What is the problem and what is known about it so far?

C-reactive protein (CRP) is a blood protein that increases when inflammation is present. Inflammation is involved in the blockages in arteries that lead to cardiovascular disease, such as heart attacks and strokes. High CRP levels are associated with cardiovascular disease. However, just because CRP is associated with the risk for cardiovascular disease does not mean that CRP or inflammation causes cardiovascular disease or that treatments to reduce CRP levels will reduce cardiovascular disease.

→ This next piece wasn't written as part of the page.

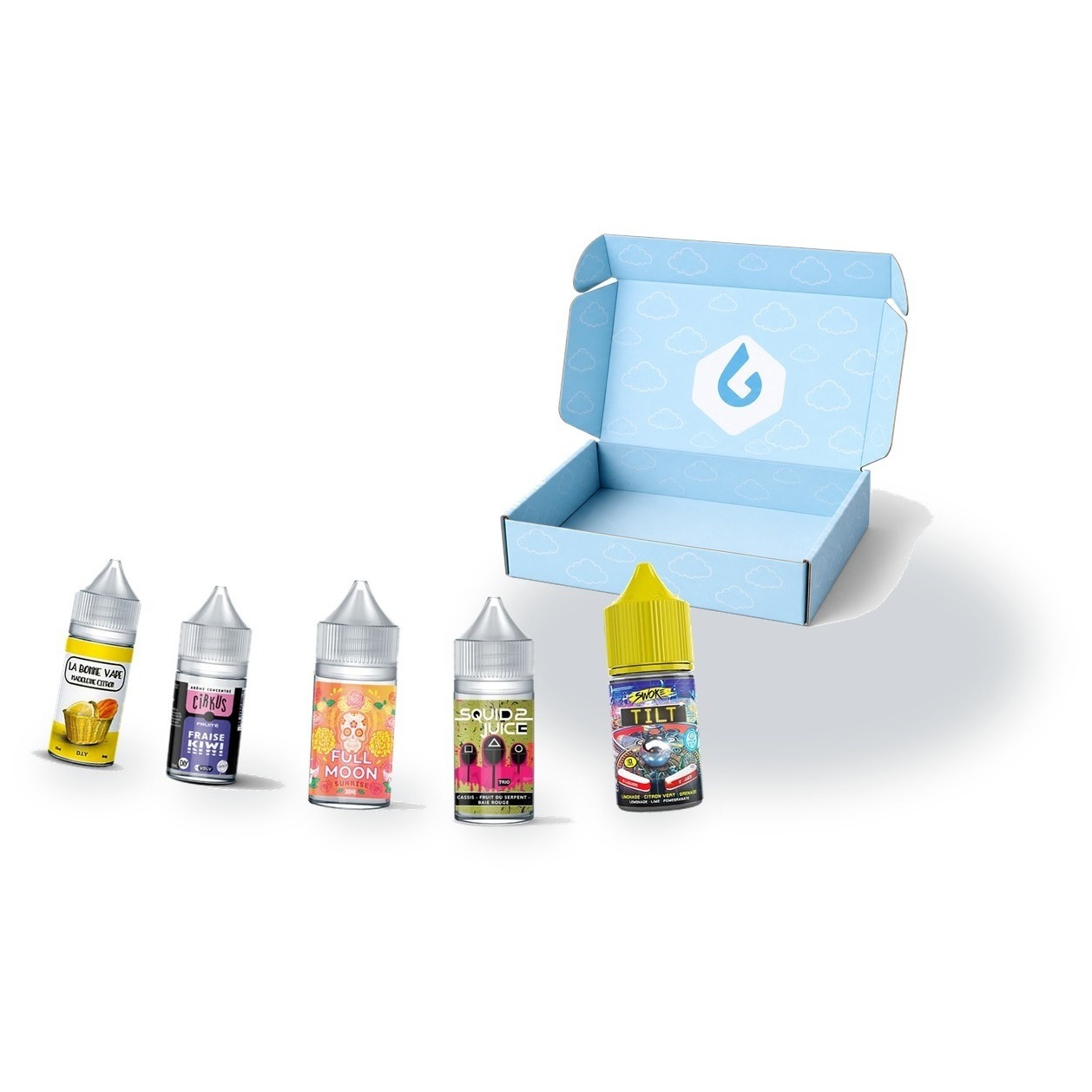 DIY L LiquidBox - 5 x 30 ml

Currently, doctors evaluate a patient's chances of developing cardiovascular disease by examining risk factors, such as cholesterol levels, diabetes, high blood pressure, smoking status, and age. Sometimes doctors use mathematical models to estimate the chance that a person will develop cardiovascular disease in the future. The Framingham risk model is a model that doctors commonly use. The model is useful, but not perfect. Some people who have no risk factors develop cardiovascular disease. Others who have multiple risk factors don't develop disease. Researchers wonder whether adding additional factors, such as CRP, to the Framingham model would improve the ability to estimate a person's chances of developing disease.

Why did the researchers do this particular study?

To compare cardiovascular risk predictions models that do and do not include CRP.

Who was studied?

15,048 women age 45 years and older who were free of cardiovascular disease, cancer, and diabetes at the start of the study.

How was the study done?

At the start of the study, the researchers collected information on cardiovascular risk factors, such as age, blood pressure, smoking status, and diabetes. They also collected blood samples to measure cholesterol and CRP levels. During follow-up, the researchers collected information about health outcomes, including cardiovascular disease. The researchers then compared the ability of models that did and did not include CRP to predict patients' chances of developing cardiovascular disease over the next 10 years.

What did the researchers find?

Age, smoking, and blood pressure were the most powerful predictors of cardiovascular disease. Adding CRP to the models improved the accuracy of estimates of who would develop disease. The improvement was mostly among women who had at least a 5% (5 in 100) chance of developing heart disease over the next 10 years. Among this group, adding CRP to the model improved prediction for 20% (20 in 100) of study women.

What were the limitations of the study?

This study included only women who were generally at low risk for cardiovascular disease. The results might not apply to men.

What are the implications of the study?

This study will inform discussions about the value of incorporating CRP levels into methods of evaluating the risk for cardiovascular disease. However, we do not yet know whether treatments to lower CRP levels reduce cardiovascular disease.